═══ Extracted entries

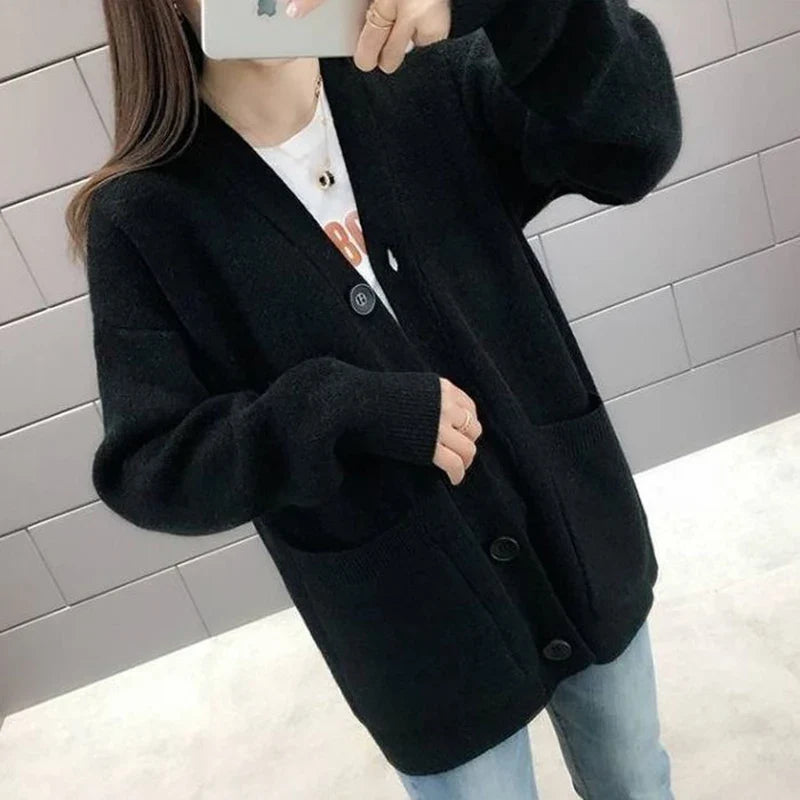 Kardigan Damski Z Kieszeniami | Oversize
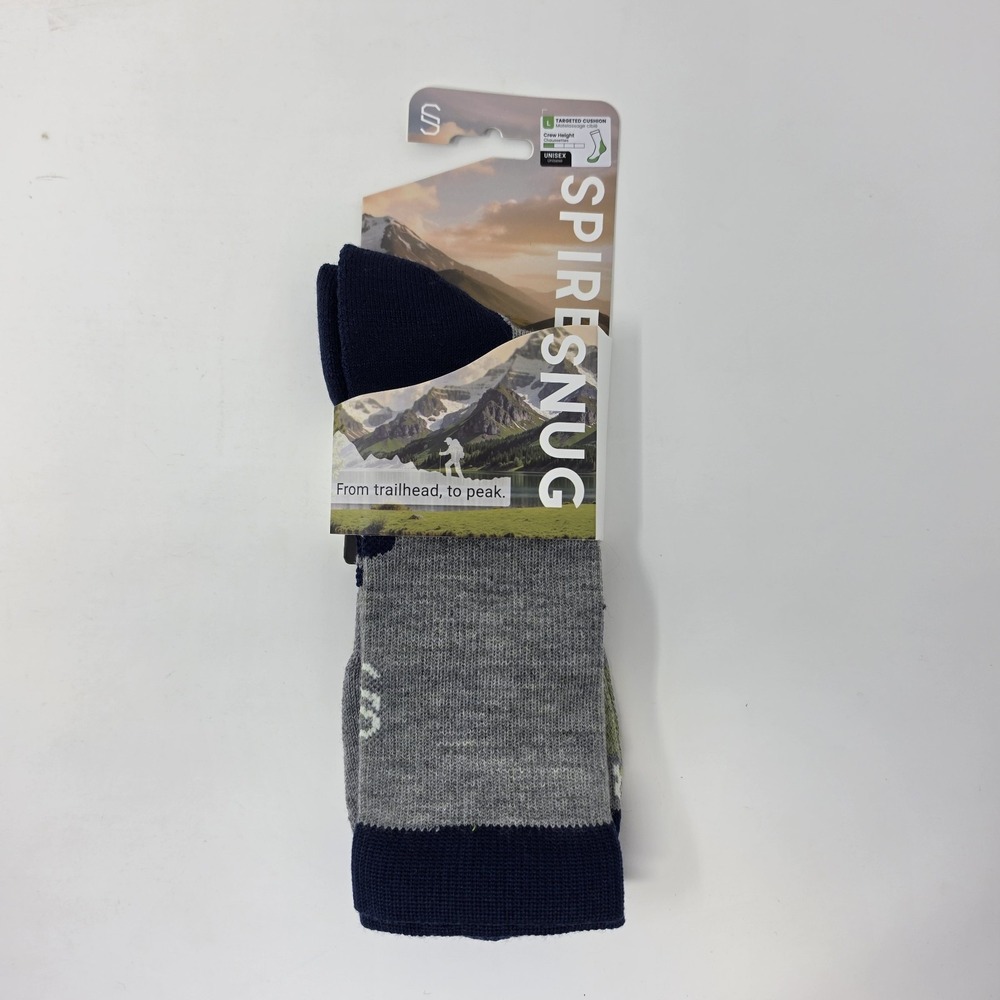 SpireSnug Merino Wool Blend Cushioned Crew Hiking Socks - Gray & Navy Unisex Lg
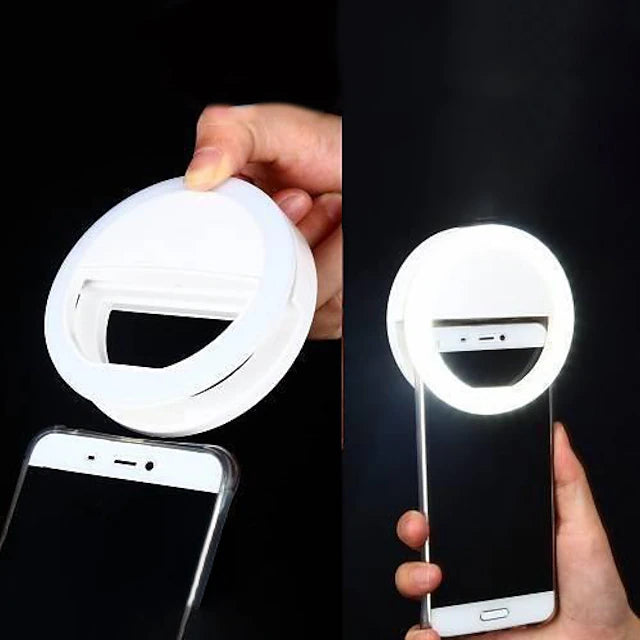 LED Smart Light 3 Modes Dimmable Selfie Light AAA Batteries Powered 1pc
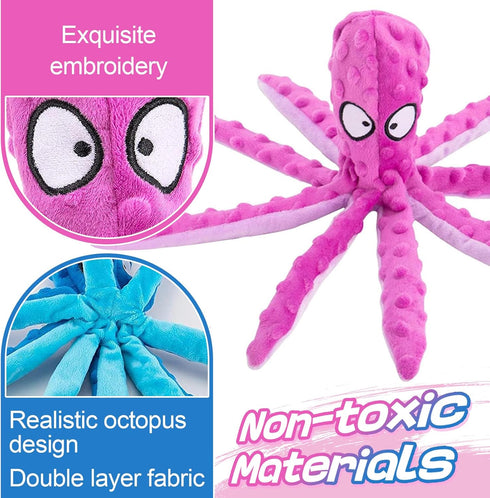 Alphatool Squeaky Dog Toys, Octopus Toys for Aggressive Chewers, Tough No Stuffing Plush Large Dogs, Crinkle Interactive Puppy Small Medium Dogs (...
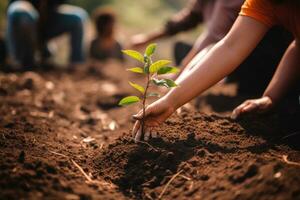 Close up of young man and woman planting tree in fertile soil, Group of people planting seedlings in the ground, close-up, AI Generated photo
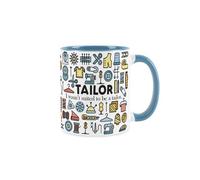 Purely Home Tailor Mug - Humorous Suit Maker & Fitter Novelty Gifts For Tailors - Tea/coffee Hot Drinks Light Blue Ceramic Cup Present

══════

#### What you will do
Print nothing but the lines above starting with the line that contains "Alphatool Squeaky Dog" and going on through the line that contains "Close up of". Leave out the pictures.

#### Written solution
 Alphatool Squeaky Dog Toys, Octopus Toys for Aggressive Chewers, Tough No Stuffing Plush Large Dogs, Crinkle Interactive Puppy Small Medium Dogs (...
 Close up of young man and woman planting tree in fertile soil, Group of people planting seedlings in the ground, close-up, AI Generated photo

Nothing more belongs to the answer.